Having followed a seemingly normal course until now, after reaching the Cleveland area, Flight 93 suddenly makes a sharp turn to the south. It then makes another turn back eastward, cutting through West Virginia’s Northern Panhandle before re-entering Pennsylvania. [Washington Post, 9/12/2001; Pittsburgh Post-Gazette, 9/13/2001; 9/11 Commission, 8/26/2004, pp. 41] Having thus turned 180 degrees, it now heads toward Washington, DC. [CNN, 9/13/2001]
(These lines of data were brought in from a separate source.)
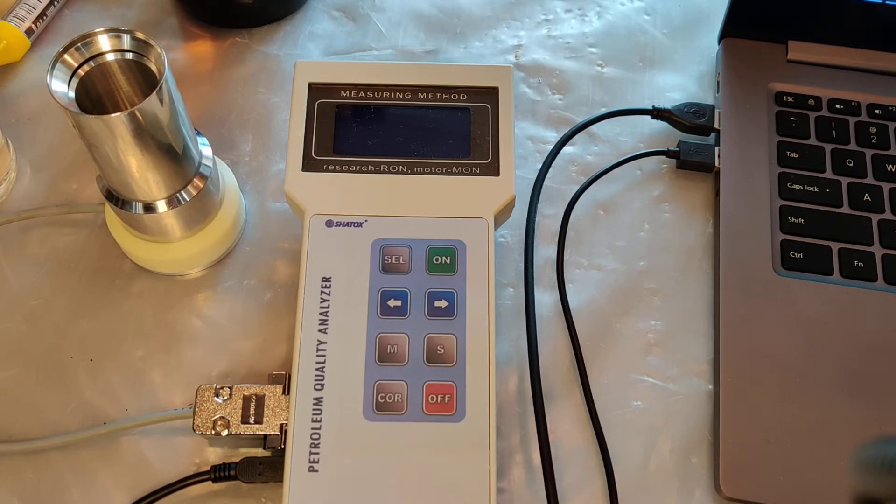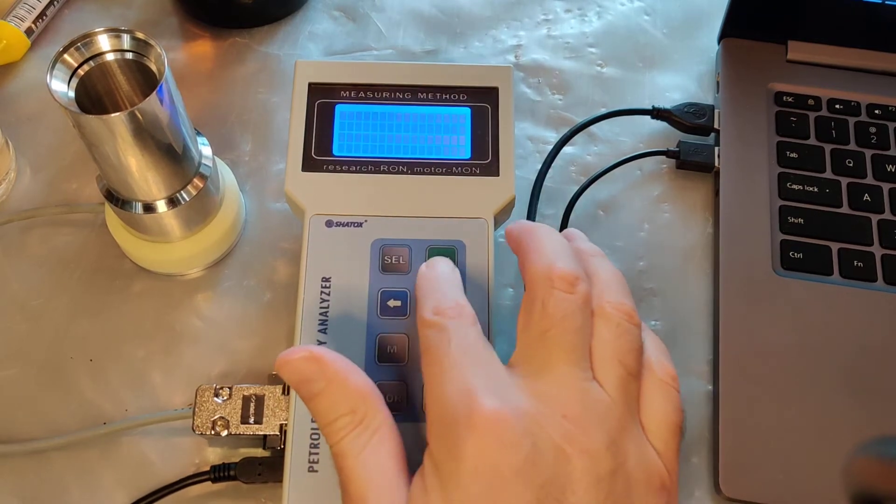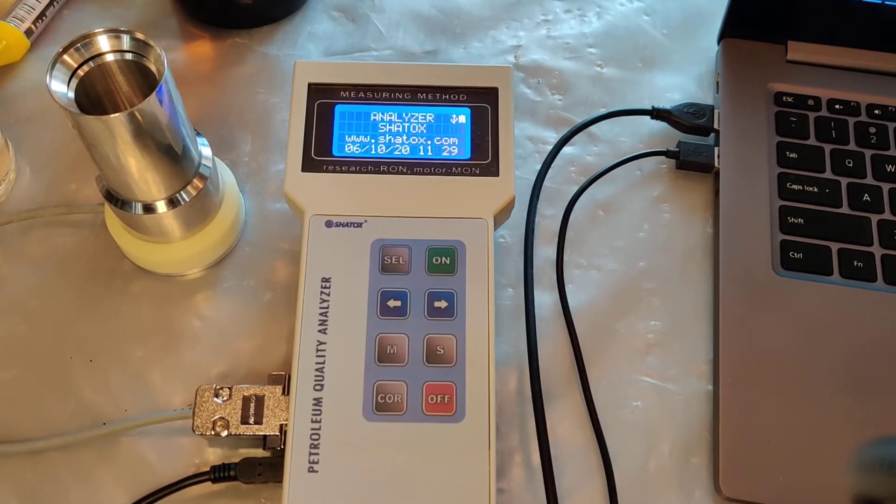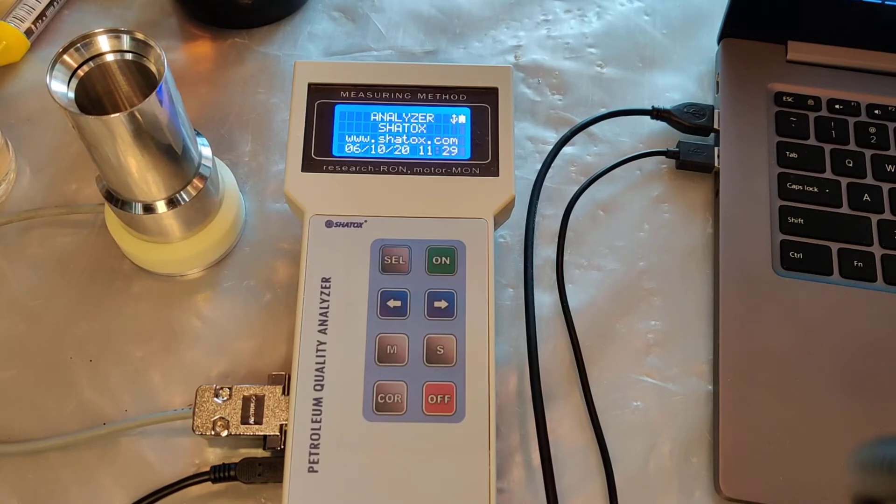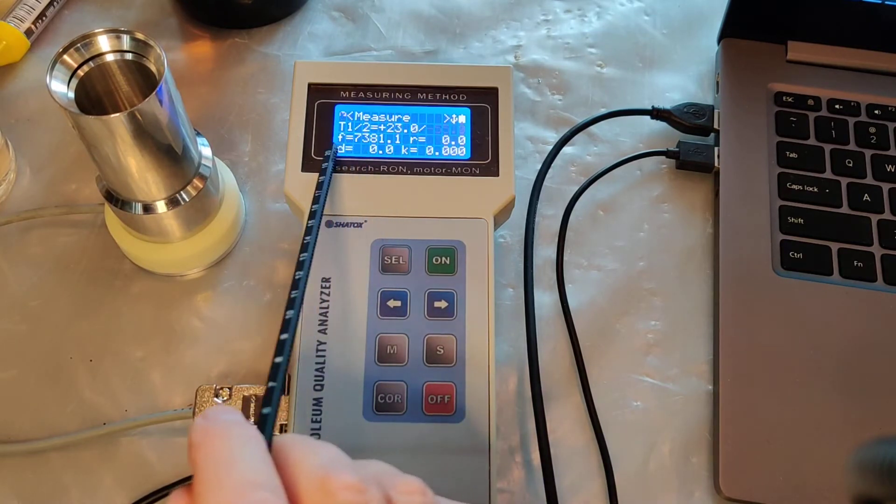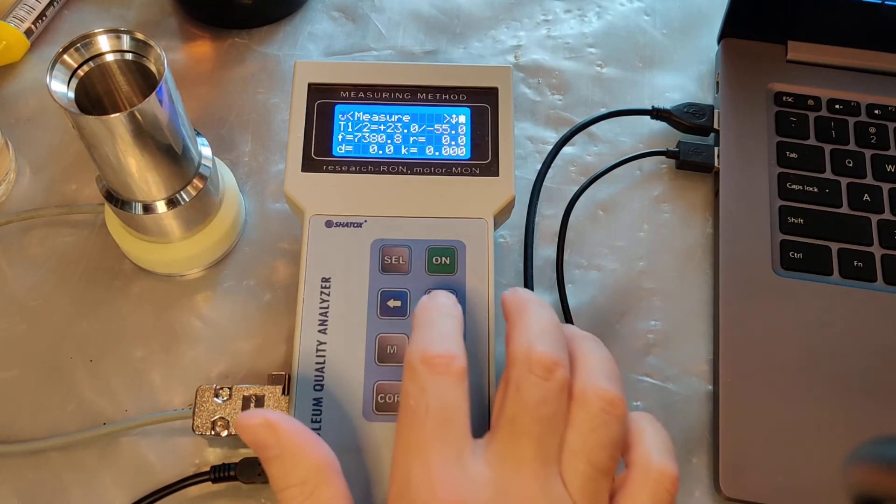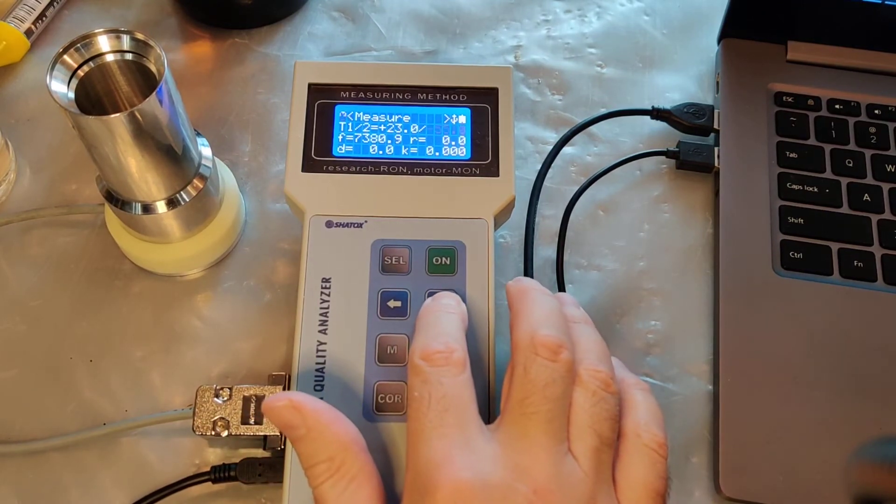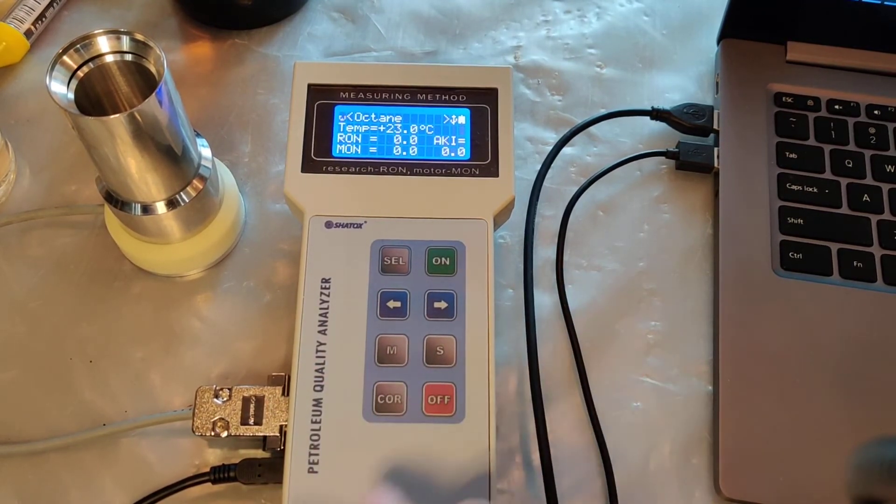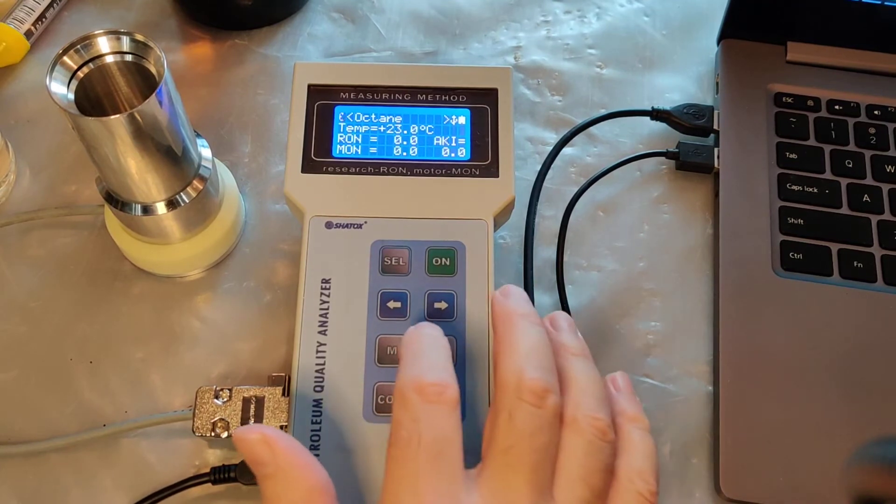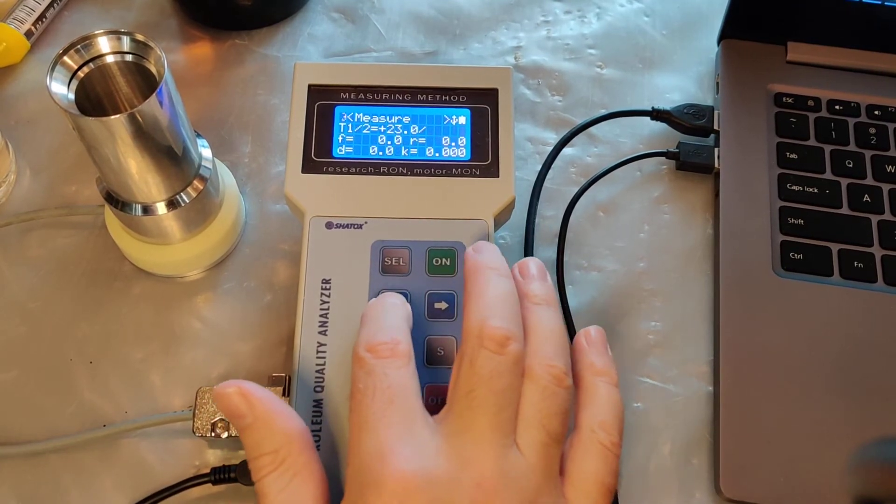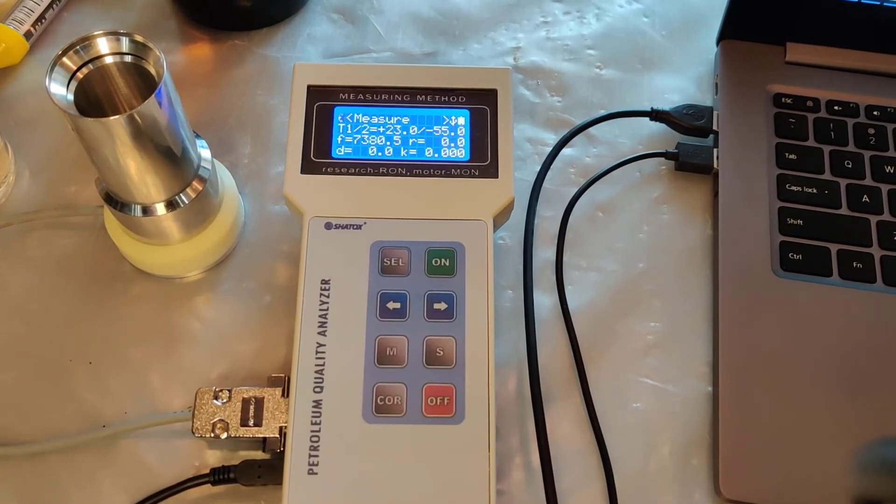First of all I need to switch the instrument to a measure mode. It's already in this mode but in case you're in the Octane mode you push the backward arrow and you're in the measure mode.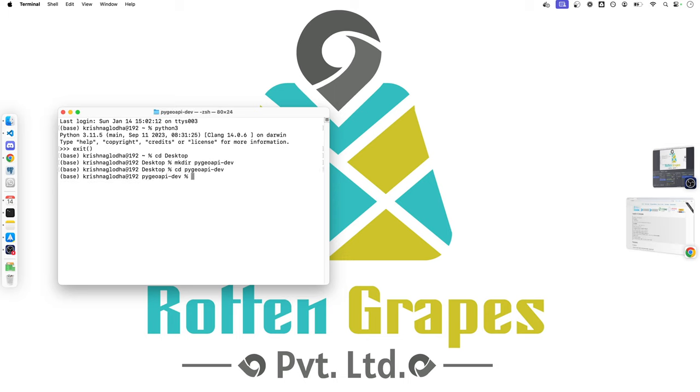Now remember that PyGeoAPI is a Python implementation that means there will be a bunch of libraries that we need to install in order to make PyGeoAPI workable. To do that, we have to be sure that we are running some sort of virtual environment. I am using venv but you can use something else such as anaconda.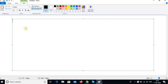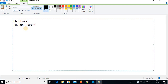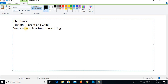We will start the new concept that is called Inheritance. What is meant by Inheritance? When you take a new class, it should be in a relation. What is that relation? The relation is a parent and a child. Or else, you can call it as creating a new class from the existing class.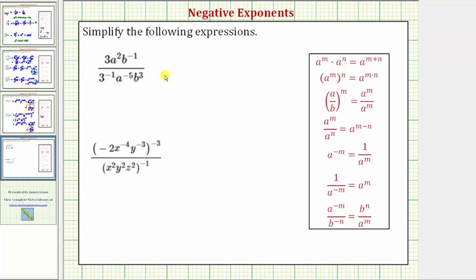We're going to simplify the following expressions. To simplify this first expression, we apply the quotient property of exponents shown here: a raised to the power of m, divided by a raised to the power of n, equals a raised to the power of m minus n.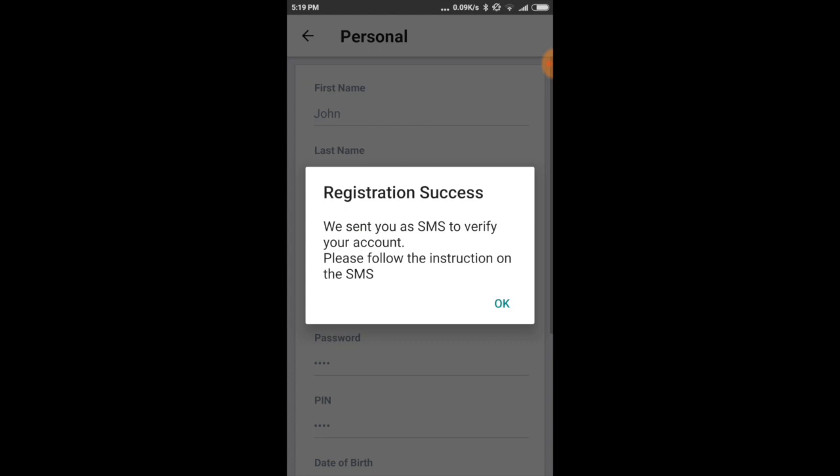Okay, and in a moment we will receive an SMS containing how to activate the account. Just click the link on the SMS and then the account will be active.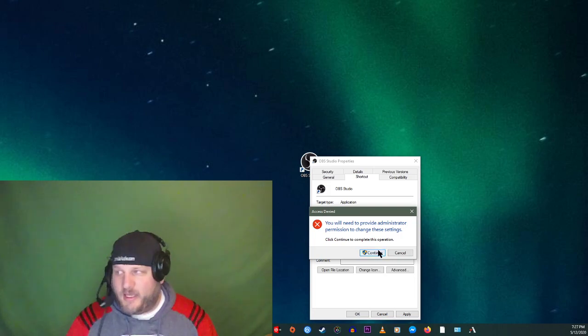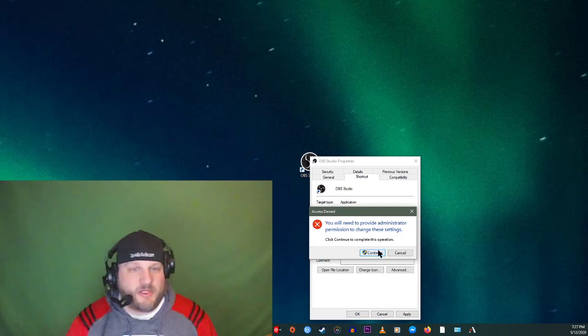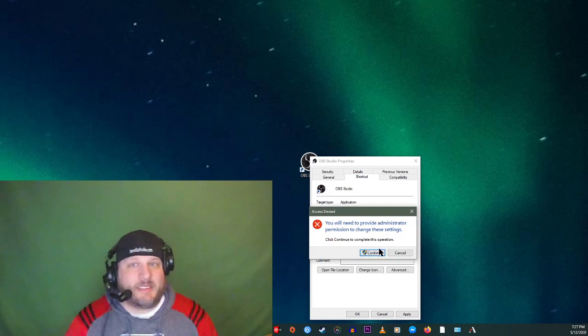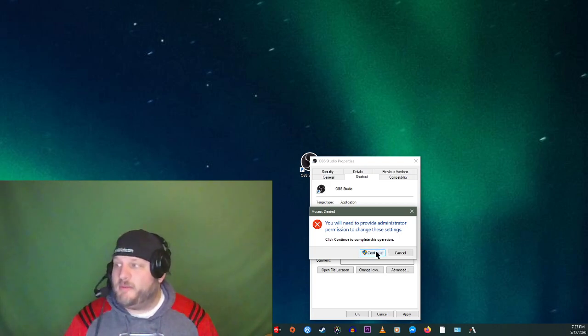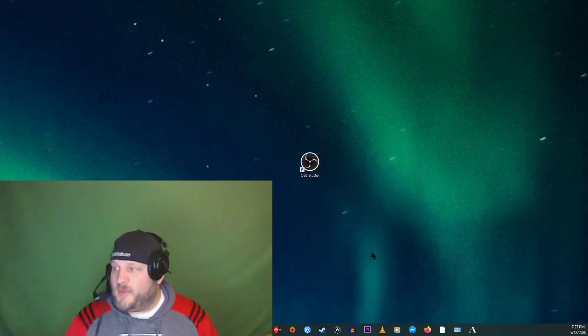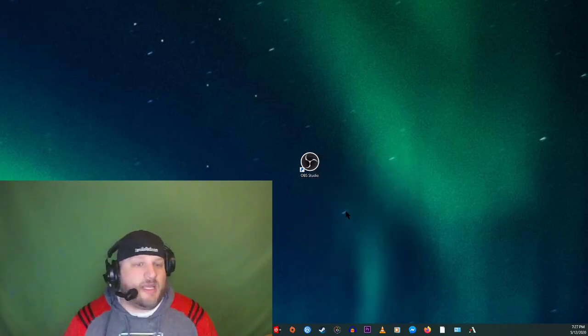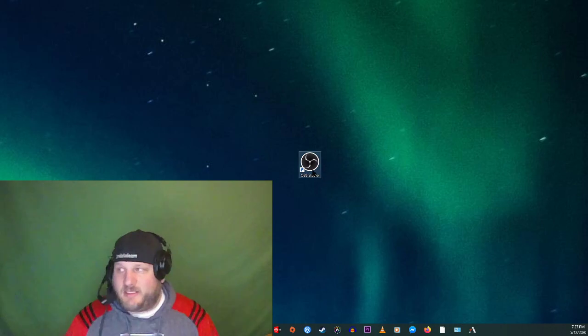We're going to click OK. It's going to say you need administrative privileges to do it. Guess what? It's my computer, I can do what I want. So I'm going to hit continue. Bam. So now there are multiple versions of OBS open.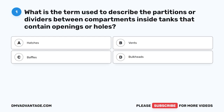Question 1. What is the term used to describe the partitions or dividers between compartments inside tanks that contain openings or holes? A. Hatches. B. Vents. C. Baffles. D. Bulkheads.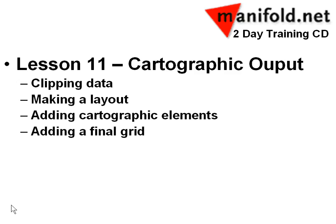This lesson will introduce some of the cartographic capabilities of Manifold GIS. In this exercise, we will create a final map of our project and create a layout, add some cartographic elements, and a final grid.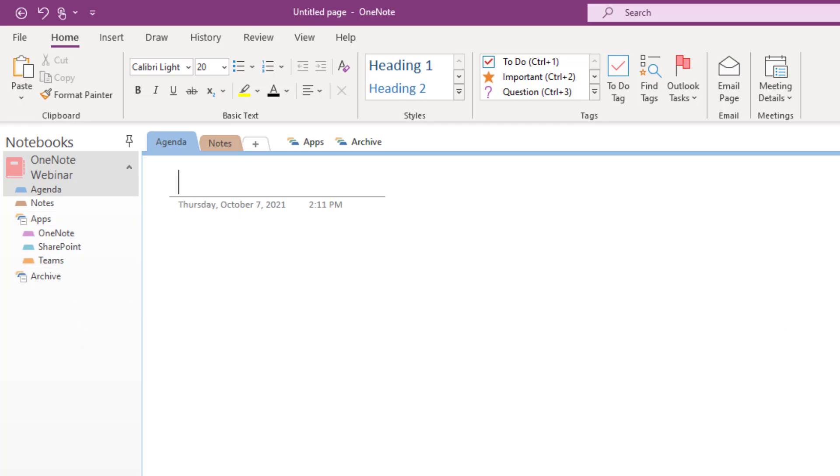Now another thing you might want to do is move the page panel from the far right hand side to be on the left so that it reads better going left to right from largest to smallest. Notebook to section to pages.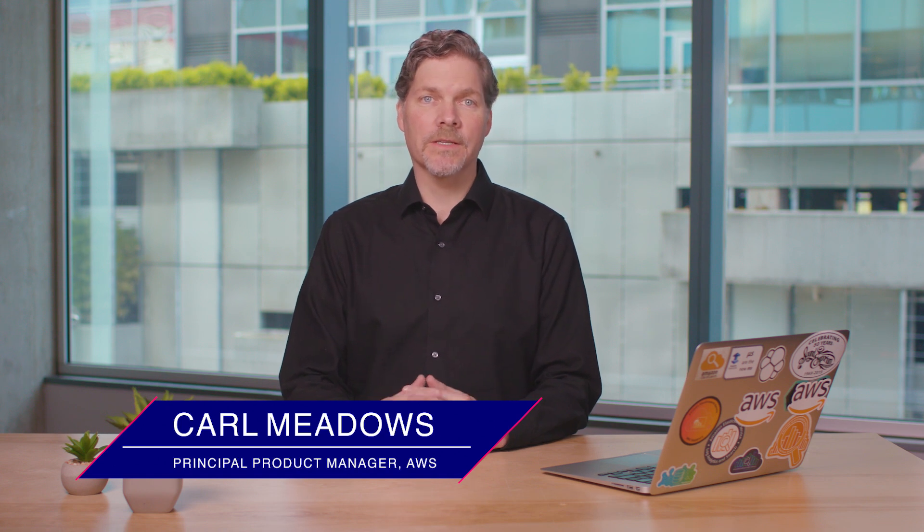Hi, I'm Carl Meadows. I'm a principal product manager here at Amazon Web Services. Today we're going to do a demo for Open Distro for Elasticsearch.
Before 9:37 a.m. September 11, 2001: Army Base near Pentagon Holding Air Field Fire Fighting Training
At the Education Center at Fort Myer, an army base 1.5 miles northwest of the Pentagon, the base’s firefighters are undertaking training variously described as “an airport rescue firefighters class”; “an aircraft crash refresher class”; “a week-long class on Air Field Fire Fighting”; and a “training exercise in airport emergency operations.” Despite hearing of the first WTC crash during a break, with no access to a TV, the class simply continues with its training. According to Bruce Surette, who is attending the session: “We had heard some radio transmissions from some other units in Arlington about how they thought they had a plane down here or a plane down there. So you’re thinking, ‘Hey this could be real.’ But it really didn’t strike home as being real until our guy came on the radio and said where the plane crash was.” The Fort Myer firefighters then immediately head for the Pentagon, arriving there at 9:40 a.m., only three minutes after it is hit, and participate in the firefighting and rescue effort there. The fire station at the Pentagon heliport is actually operated by the Fort Myer Fire Department, and is manned on the morning of 9/11 by three Fort Myer firefighters who have already undertaken the airfield firefighting training. [MDW News Service, 10/4/2001; Pentagram, 11/2/2001; Journal of Emergency Medical Services, 4/2002
; US Department of Health and Human Services, 7/2002
; First Due News, 4/17/2003] The Fort Myer military community, which includes Fort Myer and Fort Lesley J. McNair—another army base, just two miles east of the Pentagon—was scheduled to hold a “force protection exercise” the week after 9/11. However this has been cancelled, so just prior to the attacks the morning of September 11, “some of its participants [are] breathing a sigh of relief.”
[Pentagram, 9/14/2001]
9:37 a.m. September 11, 2001: Pentagon Law Enforcement Deputy Finally Makes Call to Raise Alert Level
At the time the Pentagon is struck, a member of the Defense Protective Service (DPS), which guards the Pentagon, is in the process of ordering the threat level be raised. John Pugrud, the deputy chief of the DPS, has met with DPS Chief John Jester, and Jester directed him to instruct the DPS Communications Center to raise the Force Protection Condition up one level, from Normal to Alpha (see (Shortly Before 9:37 a.m.) September 11, 2001). The moment the Pentagon is hit, Pugrud has the phone in his hand to dial the center. When his call is answered, he can hear the center’s alarms activating and radio calls taking place. The dispatcher yells: “We’ve been hit! We’ve been hit! Wedge one. Wedge one.” According to the Defense Department’s book about the Pentagon attack, no one in DPS has received any warning of a hijacked aircraft heading toward Washington. [Goldberg et al., 2007, pp. 152] No steps have been taken to alert Pentagon employees or evacuate the building. [Vogel, 2007, pp. 429] Around 30 minutes after the attack occurs, the US military will increase its threat level to Defcon Delta, the highest possible level (see (Between 10:10 a.m. and 10:35 a.m.) September 11, 2001). [CNN, 9/4/2002] This will be reduced to “Charlie” before the end of the week. [US Department of Defense, 9/16/2001; USA Today, 9/16/2001]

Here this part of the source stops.